Маятник жизни моей… 1930–1954 — страница 85 из 209

25 октября. Сумерки. Диван в Глинищевском переулке

У благотворителей есть неписаная иерархия нищих. Иным дают что– нибудь из одежды (временами) и покормят. Иным двугривенный. Некоторым не полагается больше пятачка. И наконец, есть такие, каким благотворитель с легкостью говорит: “Бог подаст”.

Такая же иерархия существует и в других жизненных отношениях. Некоторых людей мы охотно приглашаем к нашей духовной трапезе и готовы поступиться для них нашими удобствами. Других мы не пускаем дальше приемной нашей души, и то, чем мы делимся с ними из наших внутренних богатств – равносильно двугривенному. Третьим мы даем еще меньше и для того лишь, чтобы отделаться от них (пятачок).
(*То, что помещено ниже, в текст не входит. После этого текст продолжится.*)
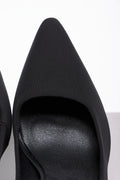 Heel Court Shoe Black (4)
Мимо четвертых проходим без остановки, а если они стучатся в нашу дверь, им говорят, что нас нет дома.

Расточают себя щедро и без всякой иерархии, раздают направо и налево чистое золото только святые, не замкнувшиеся в святости, а несущие ее в мир, да еще редкие, преисполненные врожденной активной доброты натуры. Наряду с ними так называемые – светские, общительные люди: но эти раздают позолоченные гроши и вообще фальшивую монету в силу своей внутренней бедности.

Иерархий не должно бы быть. Их, вероятно, не было в катакомбах. Они стирались высоким накаливанием братского чувства. Но в другом направлении, то есть снизу вверх: у смиренных и высших ступеней духовной лестницы не достигших – было чувство почитания, утверждавшее иерархический сан того, кто на высшей ступени.

Я и Анна, две в комфортных условиях живущие старухи, обе в теплых одеждах и в перчатках, со свежими от Филиппова булками в руках. Тут же в трамвае – до отрепьев бедно одетая, с изможденным, скорбным лицом старушка, по-видимому “интеллигентка”. Руки без перчаток, ботинки без калош, порванные.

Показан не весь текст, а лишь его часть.